**Problem to work on:**
The records should be restated exactly from their first line through the line with "2020 Nissan Kicks Sv Xtronic Cvt" in it.

==================================================

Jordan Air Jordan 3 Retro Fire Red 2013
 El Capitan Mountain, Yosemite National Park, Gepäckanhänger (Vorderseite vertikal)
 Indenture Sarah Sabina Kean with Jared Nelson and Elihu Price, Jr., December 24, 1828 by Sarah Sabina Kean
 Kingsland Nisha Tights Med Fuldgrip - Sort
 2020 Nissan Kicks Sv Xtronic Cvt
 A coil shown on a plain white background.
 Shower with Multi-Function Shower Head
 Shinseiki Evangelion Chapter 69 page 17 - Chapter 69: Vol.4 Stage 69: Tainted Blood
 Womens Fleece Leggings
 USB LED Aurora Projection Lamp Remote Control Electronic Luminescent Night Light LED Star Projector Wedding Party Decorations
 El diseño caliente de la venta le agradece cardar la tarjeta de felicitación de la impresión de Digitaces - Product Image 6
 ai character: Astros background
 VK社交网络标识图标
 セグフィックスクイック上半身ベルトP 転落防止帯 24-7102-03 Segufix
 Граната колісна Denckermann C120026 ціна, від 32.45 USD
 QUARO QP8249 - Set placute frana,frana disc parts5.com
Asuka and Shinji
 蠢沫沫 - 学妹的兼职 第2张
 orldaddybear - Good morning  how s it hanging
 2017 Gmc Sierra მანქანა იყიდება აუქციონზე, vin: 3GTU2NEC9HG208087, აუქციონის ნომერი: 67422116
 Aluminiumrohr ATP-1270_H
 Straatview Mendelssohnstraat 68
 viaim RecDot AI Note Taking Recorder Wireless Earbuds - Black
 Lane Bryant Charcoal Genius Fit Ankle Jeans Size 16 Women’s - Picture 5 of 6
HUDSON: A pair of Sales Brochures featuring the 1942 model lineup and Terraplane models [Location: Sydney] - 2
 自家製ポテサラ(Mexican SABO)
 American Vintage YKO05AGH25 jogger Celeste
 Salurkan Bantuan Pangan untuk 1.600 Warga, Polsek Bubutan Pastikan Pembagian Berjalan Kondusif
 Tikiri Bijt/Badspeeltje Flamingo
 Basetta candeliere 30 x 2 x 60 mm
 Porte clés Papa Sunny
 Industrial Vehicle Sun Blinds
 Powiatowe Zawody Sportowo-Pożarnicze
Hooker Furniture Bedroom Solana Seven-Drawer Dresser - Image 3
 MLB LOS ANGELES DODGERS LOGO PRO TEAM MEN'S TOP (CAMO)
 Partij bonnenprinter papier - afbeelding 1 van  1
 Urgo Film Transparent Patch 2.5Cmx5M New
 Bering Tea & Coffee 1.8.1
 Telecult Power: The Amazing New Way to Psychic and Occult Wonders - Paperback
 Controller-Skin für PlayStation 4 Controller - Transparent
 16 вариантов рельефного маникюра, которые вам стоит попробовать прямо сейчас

==================================================

**Answer:**
Jordan Air Jordan 3 Retro Fire Red 2013
 El Capitan Mountain, Yosemite National Park, Gepäckanhänger (Vorderseite vertikal)
 Indenture Sarah Sabina Kean with Jared Nelson and Elihu Price, Jr., December 24, 1828 by Sarah Sabina Kean
 Kingsland Nisha Tights Med Fuldgrip - Sort
 2020 Nissan Kicks Sv Xtronic Cvt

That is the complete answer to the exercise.